One pain point campaigns and groups are facing in 2024 is too much data. But a long-time DC vendor thinks it has the solution: a new platform to visualize all of a client’s data points in one place. And they mean all of them.
Advocacy Data’s Political Explorer, a joint project with data visualization company Social Explorer, matches voter and eligible voter files for over 350 million Americans with some 200 attributes from demographic and commercial data.
It offers clients details like precinct-level data on the percentages of children going to public school versus children in private or charter school. The platform, which is meant for Democratic and Progressive campaigns and groups, is designed to help clients process and geographically visualize data more easily.

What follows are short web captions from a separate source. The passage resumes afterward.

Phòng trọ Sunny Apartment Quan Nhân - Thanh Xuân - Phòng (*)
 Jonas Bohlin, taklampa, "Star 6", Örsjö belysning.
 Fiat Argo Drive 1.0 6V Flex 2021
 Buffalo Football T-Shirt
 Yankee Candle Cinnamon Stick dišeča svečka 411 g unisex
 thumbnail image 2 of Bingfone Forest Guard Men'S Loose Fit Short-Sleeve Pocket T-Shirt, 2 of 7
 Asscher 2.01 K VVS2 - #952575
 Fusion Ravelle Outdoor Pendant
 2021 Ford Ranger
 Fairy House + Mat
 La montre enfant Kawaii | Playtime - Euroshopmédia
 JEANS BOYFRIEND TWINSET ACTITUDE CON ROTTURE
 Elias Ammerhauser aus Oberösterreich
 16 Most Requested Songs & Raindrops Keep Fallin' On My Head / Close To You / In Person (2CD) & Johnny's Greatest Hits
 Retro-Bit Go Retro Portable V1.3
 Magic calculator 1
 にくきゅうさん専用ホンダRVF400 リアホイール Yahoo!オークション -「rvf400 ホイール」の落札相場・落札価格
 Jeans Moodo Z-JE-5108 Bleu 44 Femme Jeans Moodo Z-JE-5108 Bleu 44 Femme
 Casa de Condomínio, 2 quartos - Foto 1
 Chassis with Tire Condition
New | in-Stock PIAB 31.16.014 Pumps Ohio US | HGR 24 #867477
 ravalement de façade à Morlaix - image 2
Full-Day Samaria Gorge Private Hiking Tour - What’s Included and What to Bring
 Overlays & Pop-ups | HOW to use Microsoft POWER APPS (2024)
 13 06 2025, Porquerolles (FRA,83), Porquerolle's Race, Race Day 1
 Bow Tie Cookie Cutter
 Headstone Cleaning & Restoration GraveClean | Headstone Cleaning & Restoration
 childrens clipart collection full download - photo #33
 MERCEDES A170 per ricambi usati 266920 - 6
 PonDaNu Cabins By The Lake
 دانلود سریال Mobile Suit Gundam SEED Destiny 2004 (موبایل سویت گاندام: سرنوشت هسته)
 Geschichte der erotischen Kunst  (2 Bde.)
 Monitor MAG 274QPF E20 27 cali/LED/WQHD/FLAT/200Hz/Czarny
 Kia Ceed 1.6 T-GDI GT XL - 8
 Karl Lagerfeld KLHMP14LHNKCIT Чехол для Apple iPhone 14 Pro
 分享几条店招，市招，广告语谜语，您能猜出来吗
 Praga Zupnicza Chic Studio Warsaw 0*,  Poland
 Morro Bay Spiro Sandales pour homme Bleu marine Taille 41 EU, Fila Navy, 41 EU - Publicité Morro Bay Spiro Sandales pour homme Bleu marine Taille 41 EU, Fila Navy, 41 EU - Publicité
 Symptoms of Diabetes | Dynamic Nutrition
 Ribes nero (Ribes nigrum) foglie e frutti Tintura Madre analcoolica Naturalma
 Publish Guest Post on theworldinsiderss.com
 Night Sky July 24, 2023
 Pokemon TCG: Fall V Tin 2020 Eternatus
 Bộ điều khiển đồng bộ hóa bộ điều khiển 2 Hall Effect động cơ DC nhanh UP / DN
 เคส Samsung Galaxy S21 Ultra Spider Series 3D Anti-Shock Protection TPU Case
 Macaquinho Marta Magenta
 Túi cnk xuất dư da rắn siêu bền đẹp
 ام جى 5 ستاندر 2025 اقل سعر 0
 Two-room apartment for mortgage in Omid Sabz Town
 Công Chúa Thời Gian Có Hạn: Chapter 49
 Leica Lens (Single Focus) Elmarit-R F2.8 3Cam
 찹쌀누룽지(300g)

“There is too much data in that it becomes very easy to get lost, to get overwhelmed,” said Roger Alan Stone, CEO of the DC-based Advocacy Data, which is non-partisan. “The data that is important for one campaign can be irrelevant noise for another.”
While campaigns certainly have no shortage of partisan and non-partisan data providers in the political market, Stone says that vendors are not tailoring their offerings to, say, education advocacy groups or a local campaign’s specific needs. “What we’re doing is not only combining the available data, but also the mapping and visualization such that you can see what data is important,” he said, pointing to an example in Kentucky where a group was tasked with engaging formerly incarcerated people.
Ultimately, Stone believes the visual element is what will help the platform gain adoption. He notes that while many campaigns and groups have a data staffer now, turning that data into strategy can be difficult.
“When I’m talking to our pollster clients, sometimes I remind them, ‘You know, if a candidate could understand cross tabs, they’d be a pollster, not a candidate,’” he said.